Goal-Oriented Decision Making

Recently, while on the way home from an ultimate practice, I began to think about how our ultimate team functions. We have on-and-off success with RIT Ultimate, often contingent simply on how skilled and athletic our team is that year. In 2016, we had one of our best years ever, taking second at Sectionals, and winning our pool at regionals (bracket play was rained out). We lost a number of incredibly talented players this past year, however, and we’re unsure if that success is repeatable.

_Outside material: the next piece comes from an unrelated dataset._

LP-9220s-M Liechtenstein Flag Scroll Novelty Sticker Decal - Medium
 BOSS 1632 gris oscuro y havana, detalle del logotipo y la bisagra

It was then that I realized our inconsistency was due to how we’re approaching the problem. We’re playing ultimate without an end goal in mind. We’re fitting players to an existing playstyle, rather than finding a playstyle to fit our players. If we want to win in 2017, we need to build an offense that fits our team’s strengths.

This is a kind of thinking I learned in FIRST- and up until this point, I had wondered why so many teams miss out on this goal-oriented decision making process.

It comes down to the fact that goal-oriented thinking is a non-obvious process.

I never noticed my ultimate team’s problem until I was mentally comparing us to the robotics teams I’ve been involved with.

Goal oriented decision making is understanding your goals, the context in which you’re trying to achieve them, and how best to approach the problem within that context.

In FIRST, this comes up often in our strategy- strategic design, picklisting, and the strategy you use to play each match all come down to your goals. It’s not about making the best possible alliance, or scoring the most points all the time, but sometimes about selecting the safest or riskiest alliance, eliminating specific threats, or achieving certain criteria.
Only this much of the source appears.